When you print the records below, keep every word exact and leave out the images.
##### DATA EXTRACT
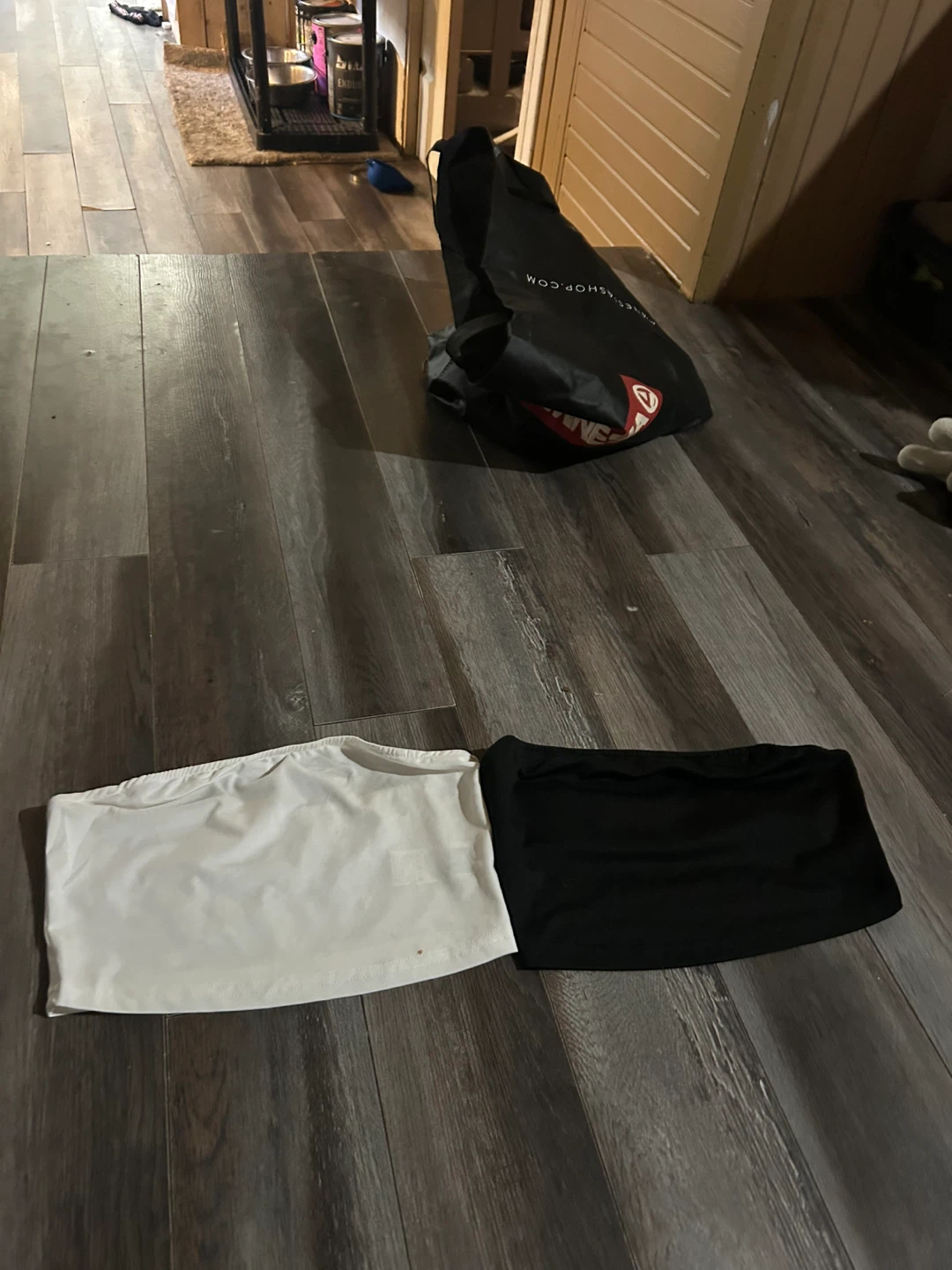Ensemble de 2 hauts bandeau (blanc et noir)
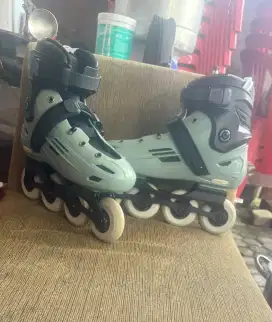 Sepatu Roda OXELO MF500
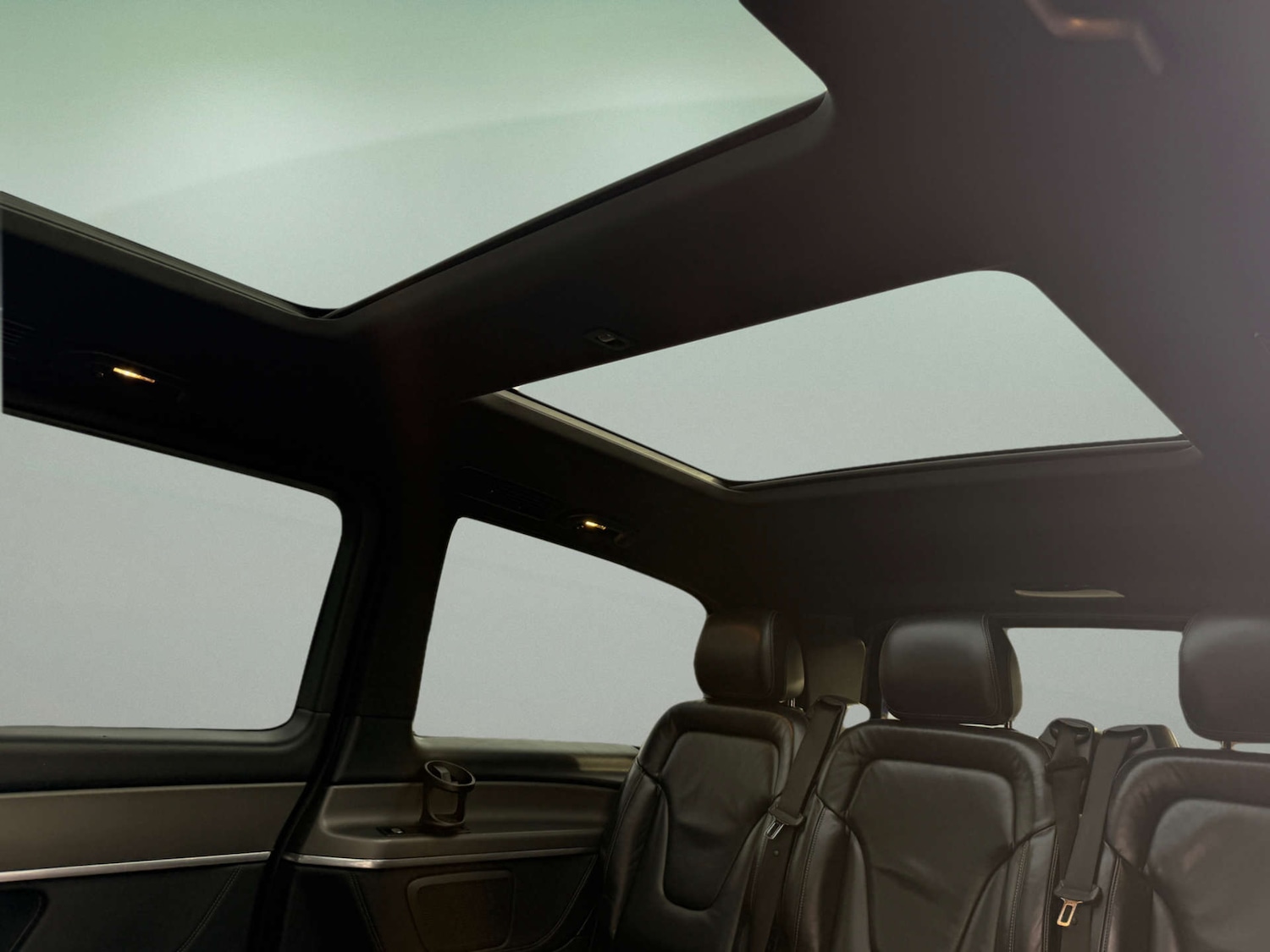 Used Mercedes-Benz V-Class 2017 for sale - 78021323: Photo 18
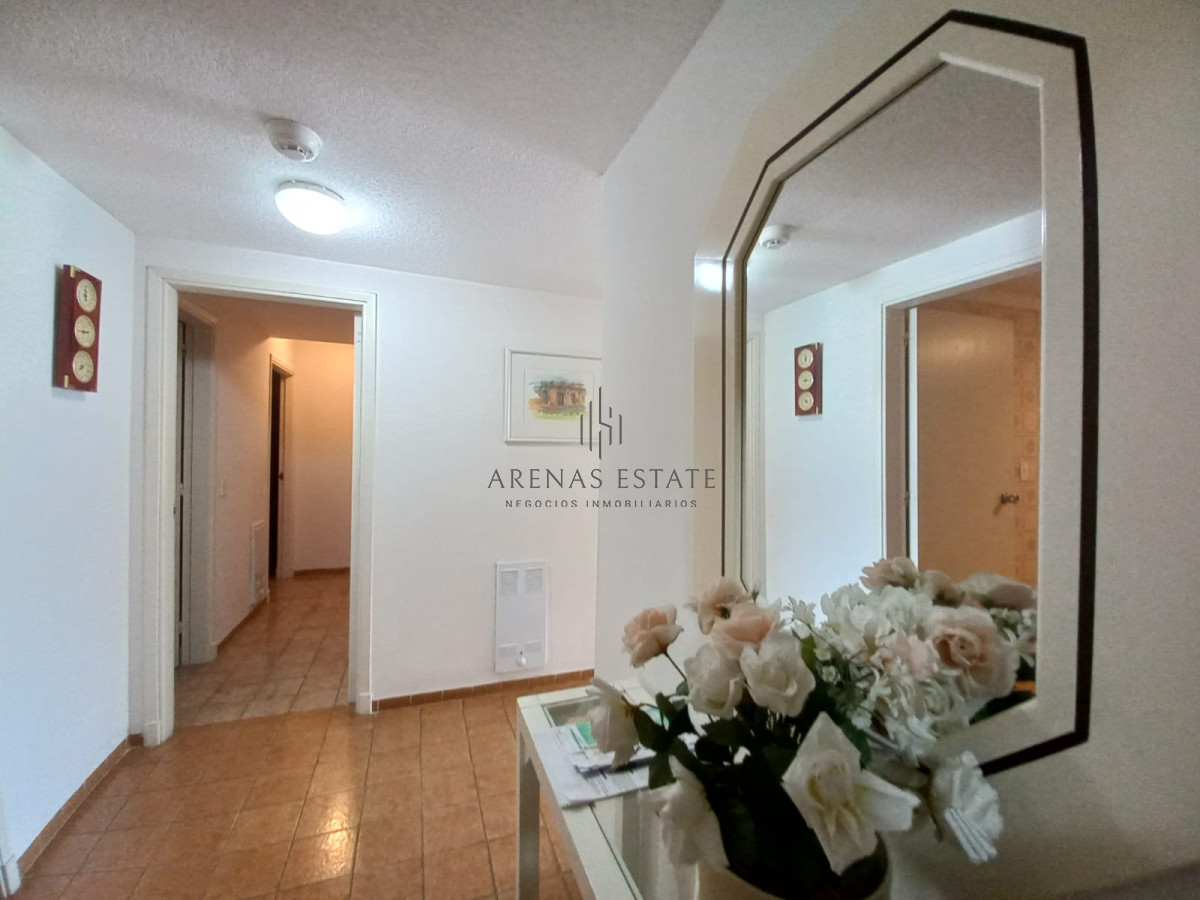 Apartamento ID.2535 - Complejo Lincoln center , Apartamento sobre playa mansa en venta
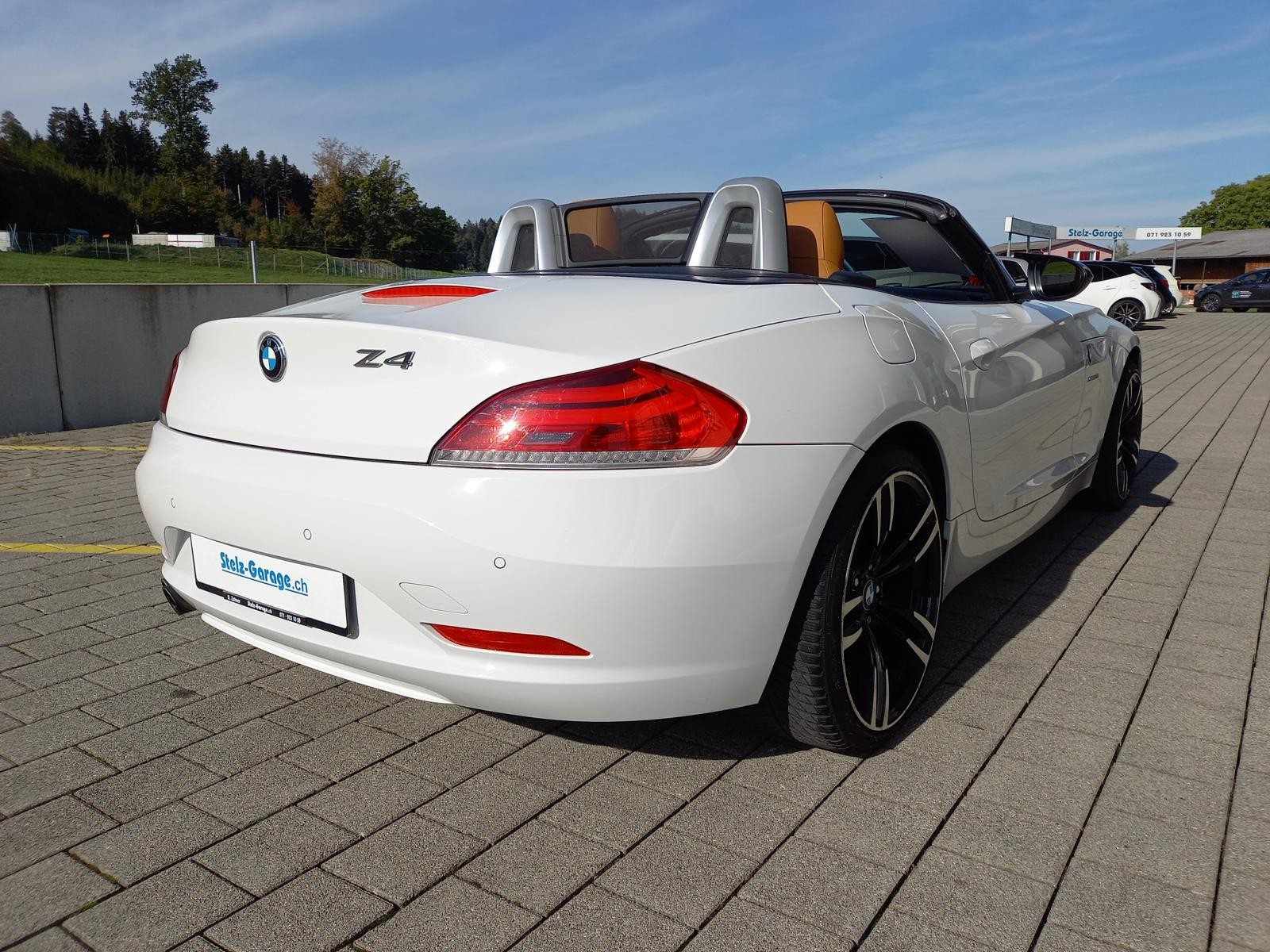 BMW Z4 sDrive23i-image-1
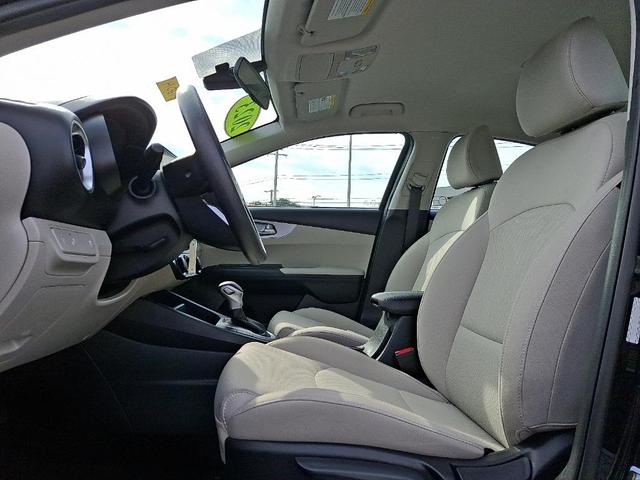 Photo of 2023 Aurora Black Kia Forte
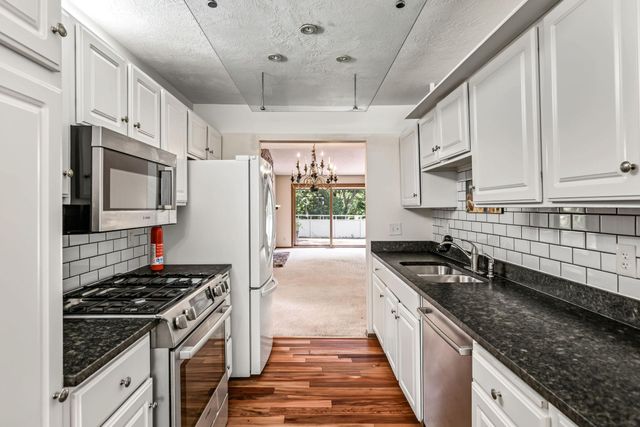 10275 Scarborough Road, Bloomington, MN 55437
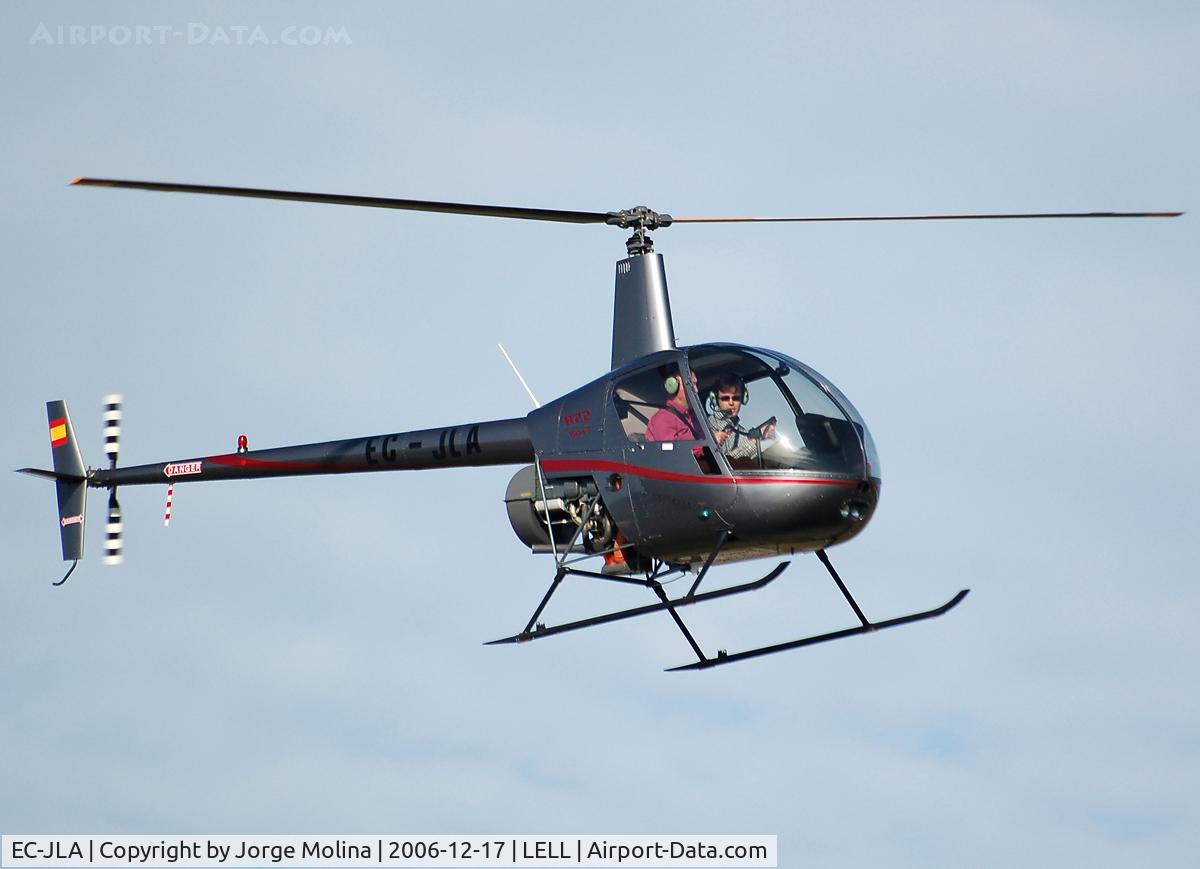 EC-JLA, Robinson R22 Beta II C/N 3837, Low pass...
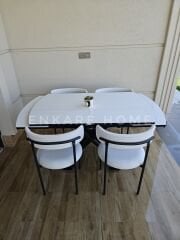 X Ayaklı Gloss Masa & Elisa Sandalye - Beyaz Kumaş | 80x130-190 cm | Çift Kanat Açılır | Mutfak Salon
##########
### [WRITTEN ANSWER]
Ensemble de 2 hauts bandeau (blanc et noir)
 Sepatu Roda OXELO MF500
 Used Mercedes-Benz V-Class 2017 for sale - 78021323: Photo 18
 Apartamento ID.2535 - Complejo Lincoln center , Apartamento sobre playa mansa en venta
 BMW Z4 sDrive23i-image-1
 Photo of 2023 Aurora Black Kia Forte
 10275 Scarborough Road, Bloomington, MN 55437
 EC-JLA, Robinson R22 Beta II C/N 3837, Low pass...
 X Ayaklı Gloss Masa & Elisa Sandalye - Beyaz Kumaş | 80x130-190 cm | Çift Kanat Açılır | Mutfak Salon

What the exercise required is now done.